# Bell Super Dh creeks- TLD Stage?



## wideawakejake (Jan 18, 2015)

Just got a Bell Super DH on sale. Helmet is very comfortable, even more than my Super 3R's. However, it creaks really bad. Can't ride with it. All the creaking comes comes from the jaw piece. Seller will take it back for an exchange, or $60 off one of the 2019 models, or give me $60 off a TLD Stage. I am just wondering if I wear a medium in the Bell, and its nice and comfy, how does the Stage fit and is it a comfy, quiet helmet? I know it does not have the nice fit adjuster the Bells have. I have no way of trying a Stage on, and I need to make a decision quick so I can get either one delivered before my bike trip to GA next week.


----------



## retrofred (Jan 19, 2004)

Well just bought a Stage and love it. Very comfortable and super adjustable with all the included padding to customize the fit. I typically wear a large to XL TLD helmet, but went with the M/L and put the 15mm pad kit in it and feels great. Did my first ride with it this morning, and it feels like ventilated better the TLD A2 that I typically wear on trail rides. I originally bought the 3R and exchanged it for the TLD. The 3R just didn't fit right and the guy at the shop actually let me switch out the padding until I decided that the was just right.

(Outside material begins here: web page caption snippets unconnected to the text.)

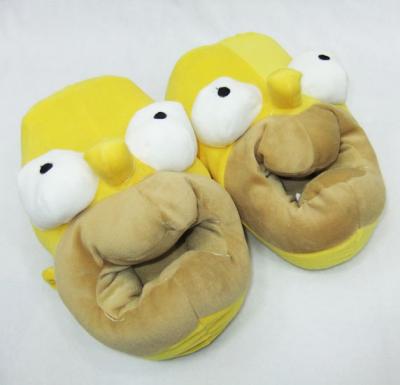 China New Anime Cartoon Big Eyes Slippers Cotton Slippers Cute Cute Plush Waterproof Home Shoes for sale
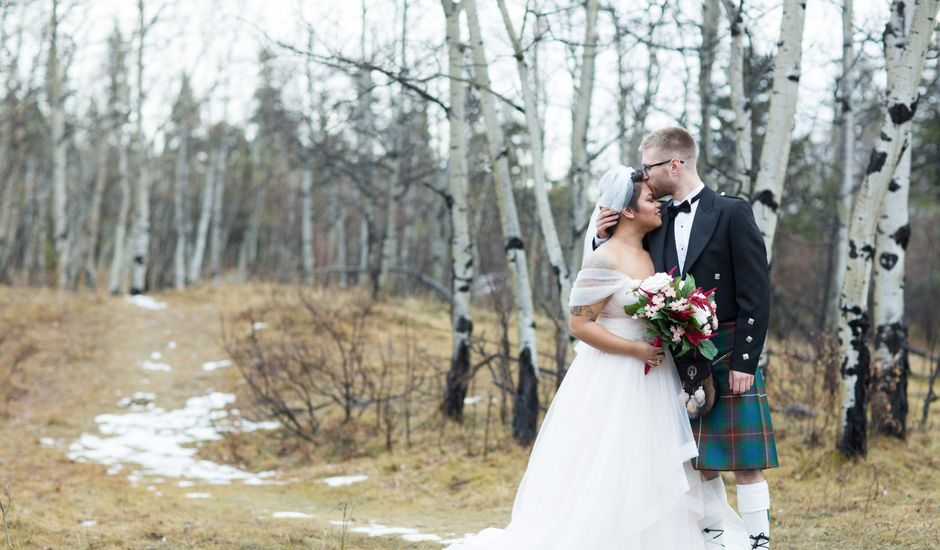 Max and Iola's wedding in Canmore, Alberta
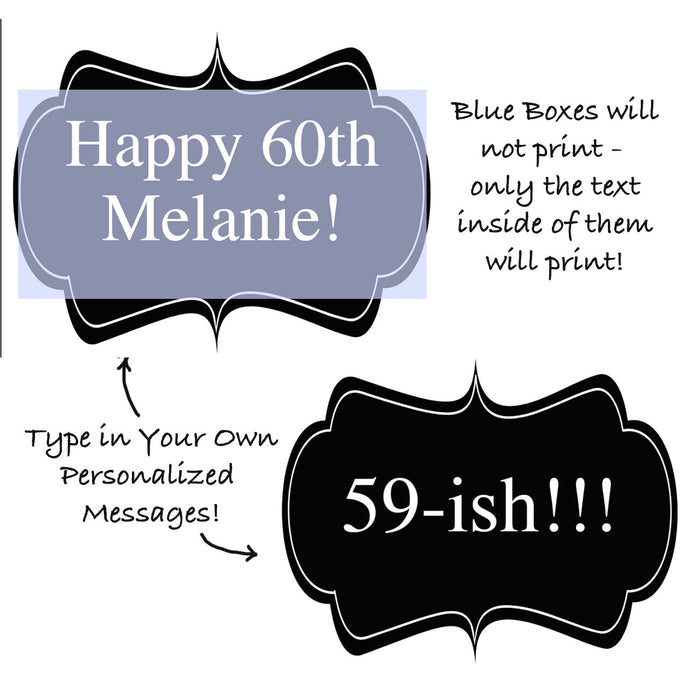 EDITABLE 60th Birthday Party Props, Printable Photo Booth Props INSTANT DOWNLOAD, 60th Party Props, Sixtieth Birthday, 60th Party Photobooth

Bottom line, you won't be disappointed with Stage helmet and I say for the M/L.









Sent from my SM-N975U using Tapatalk


----------



## Taroroot (Nov 6, 2013)

I also just got the Stage and like it. It's very comfy, I was using a Super 3R. Also got the M/L size. Unfortunately its hard to say if it you will find it comfy or not as everyone is shaped a little different.


----------



## wideawakejake (Jan 18, 2015)

Ok great thanks for the replies, I appreciate it. I am going to have to think about it. lol I am that one guy that everything fits different and in between size. I hate not being able to try stuff on first. rrrrrrr may lean towards another super dh, as I know how it will fit.


----------



## RichardWad (Sep 24, 2019)

I wear the Bell Super DH in medium and the TLD Stage in medium.

They fit the same head the same


----------



## wideawakejake (Jan 18, 2015)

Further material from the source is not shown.